Information shown:
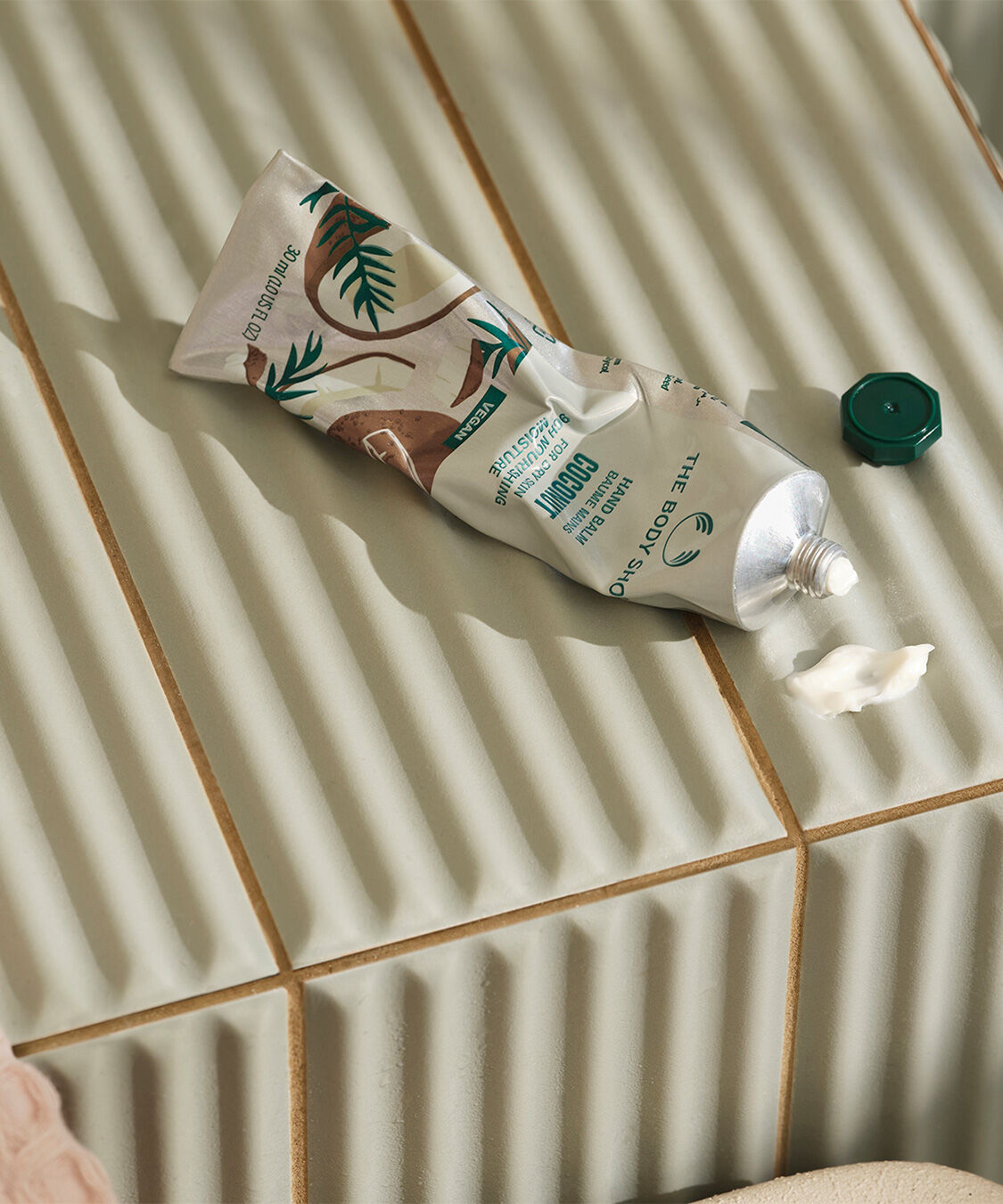 THE BODY SHOP「【オンライン限定】ハンドバーム CN 30mL （香り：ココナッツ）」|ハンドケア|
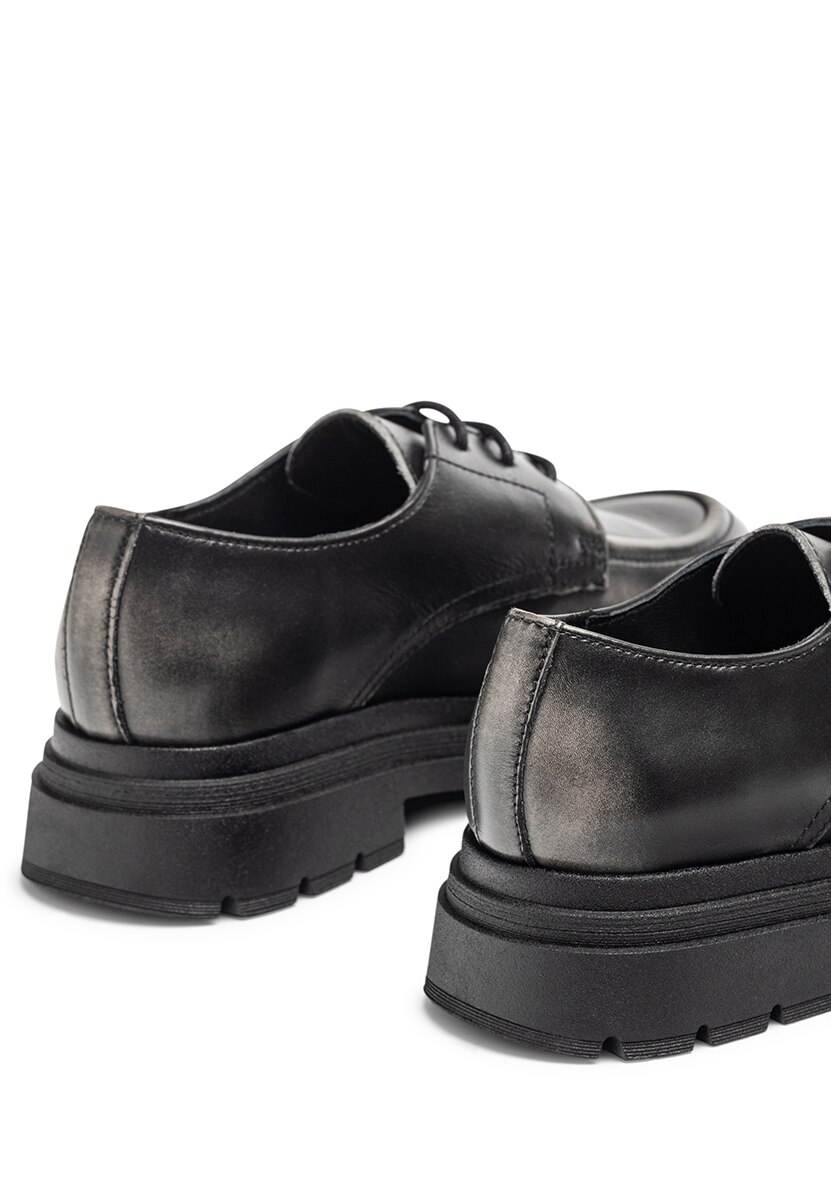 Sapatos de Cordões em Pele Preto mate-2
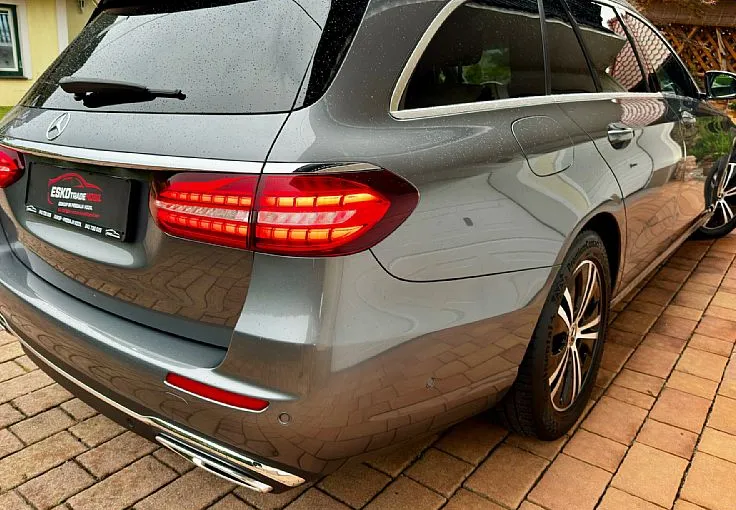 Zunanja slika - Mercedes-Benz E-Razred - 220d Avantgarde LED+ALU+DISTRONIC+KAMERA+AGILITY - 4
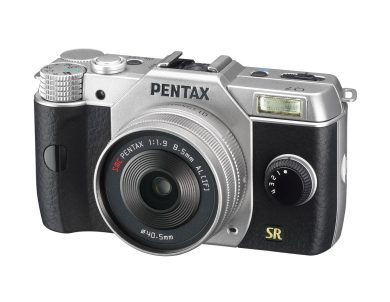 Pentax Q7, una mirrorless di ampie vedute
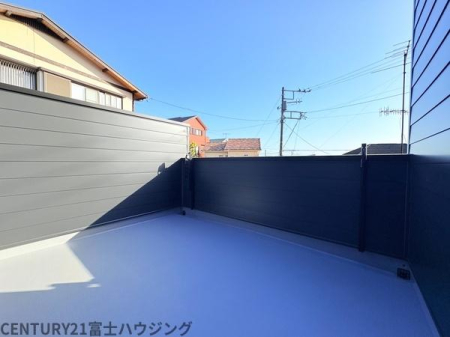 �_�ސ쌧����s����̐V�z��ˌ��Ẵo���R�j�[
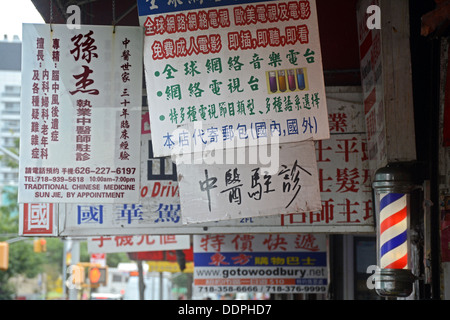 Chinesische und koreanische Zeichen auf der Main Street in Queens, New York Chinatown in Vlissingen. Stockfoto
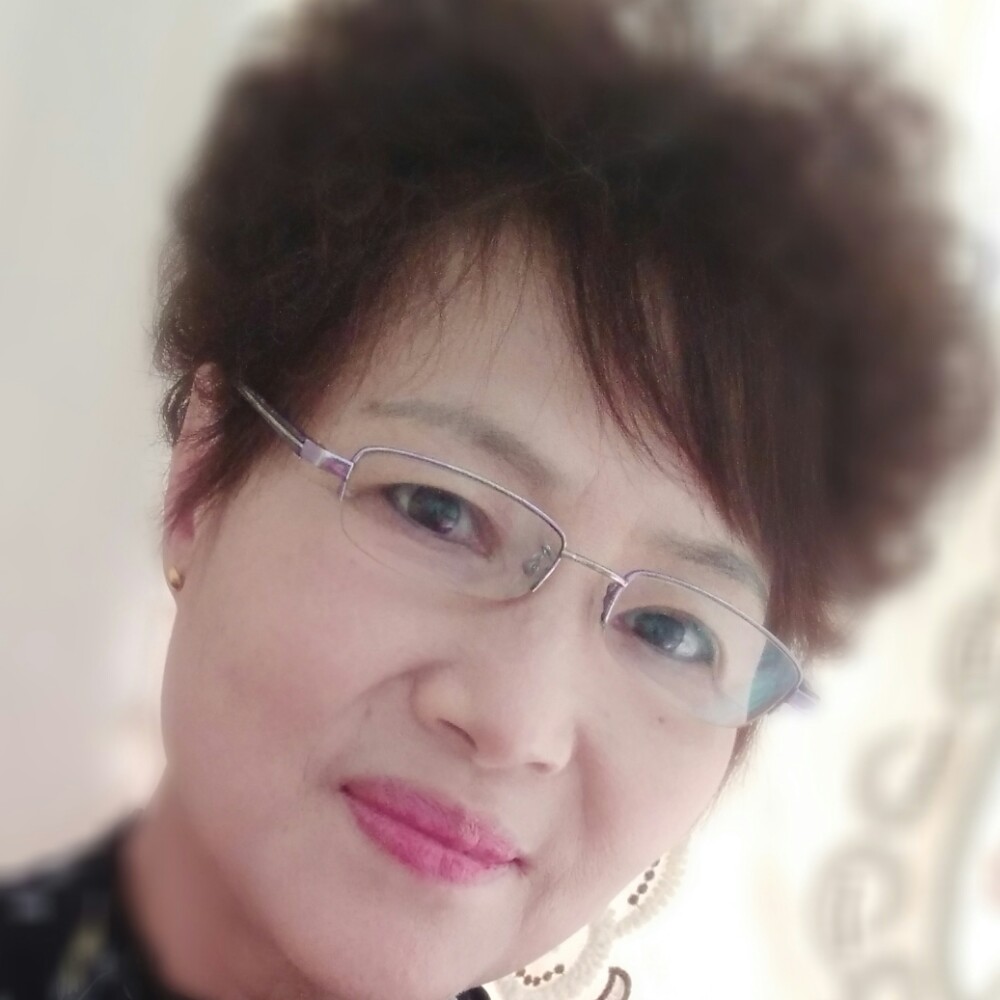 阳光下的冰的照片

Work instruction: Each record must be repeated verbatim, and no picture may appear in the copy.

Solution to this task:
 THE BODY SHOP「【オンライン限定】ハンドバーム CN 30mL （香り：ココナッツ）」|ハンドケア|
 Sapatos de Cordões em Pele Preto mate-2
 Zunanja slika - Mercedes-Benz E-Razred - 220d Avantgarde LED+ALU+DISTRONIC+KAMERA+AGILITY - 4
 Pentax Q7, una mirrorless di ampie vedute
 �_�ސ쌧����s����̐V�z��ˌ��Ẵo���R�j�[
 Chinesische und koreanische Zeichen auf der Main Street in Queens, New York Chinatown in Vlissingen. Stockfoto
 阳光下的冰的照片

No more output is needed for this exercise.